A sub-set of this bunch is all the Sam's and Costco customers that bought the packaged DSLR kits, which slays me. In the film days, we could never give away even beginner SLR's to your Dad or Uncle, yet you see big bunches of them, especially places like here in Nashville, neck deep in tourists. And yet the above applies: They have NO interest in using these things at any thing besides the green AUTO setting . . . . . and both of these groups are NOT hanging on the 'Rumors' pages breathlessly awaiting the next, latest, greatest thing: Most likely the only replacement they'll get is the next SmartPhone cam when they re-sign for their next wireless plan.

That leaves the other 10% of us who try our best to learn the craft and make PHOTOGRAPHS. But a big bunch of this small remainder is so busy pixel-peeping, fanboy arguing with huge rudeness on the various online forums about all manner of technical minutiae, that real images are the last thing anybody talks about in these online battlefields. And I certainly agree the technology has come so far, so fast, that this arguing is pointless: It's very hard to find any really bad cameras anymore.
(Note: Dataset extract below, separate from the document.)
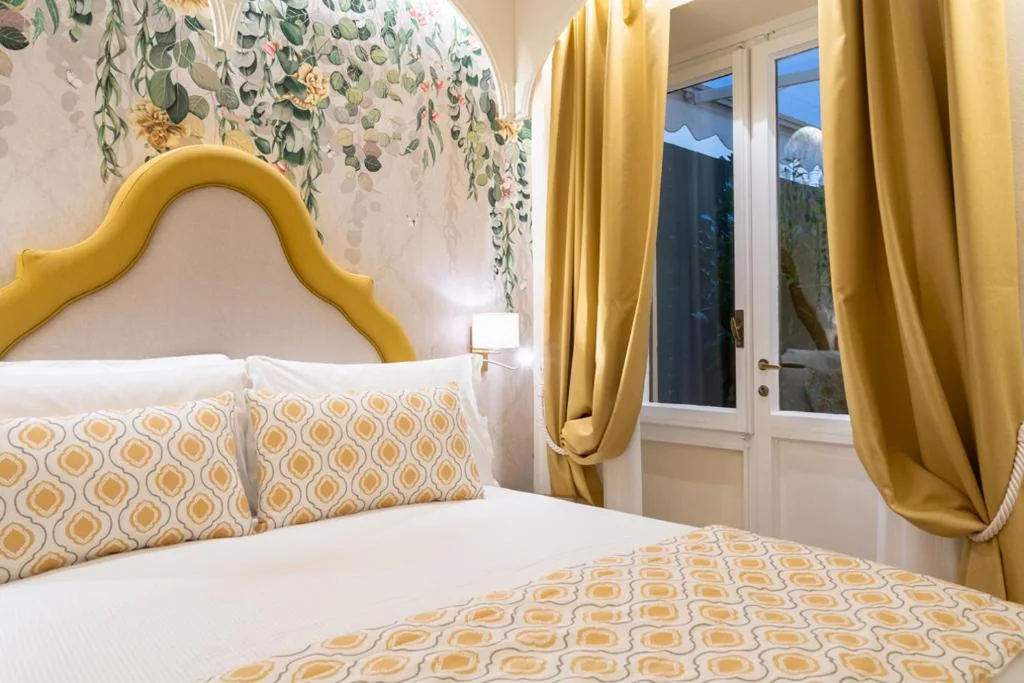 Camera Matrimoniale Piccola — Dimora del Mercante – Luxury rooms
When I first became a semi-pro musician in the late 70's, analog ruled. You had to learn to play your instrument, recording was an exacting process, and a sense of craft and practice was a prerequisite. Now in a digital music world, all the barriers are broken: If you can play just a little, you can digitally build recordings from next to nothing, even sample older recordings or instrument tones, and build out from a computer driven standpoint. Recordings are done remotely, parts E-Mailed in from wherever, the rhythm and pitch corrected, and sculpted in a digital realm. I think those of us who came from long roots in film photography would see the similarity.

I often wonder what my Dad would think of my X-S1. My Dad was a WW2 veteran who used to develop war photos using GI helmets as trays in a tent at night, from pics shot on a Super Ikonta. If he saw my camera with that zoom range, all the different automations, etc., it would be like stepping from the B17's his squadron serviced into a B2. We have all the technical advantages that were pipe dreams only a few years ago, but where are the amazing photographs these technologies can now so easily produce ?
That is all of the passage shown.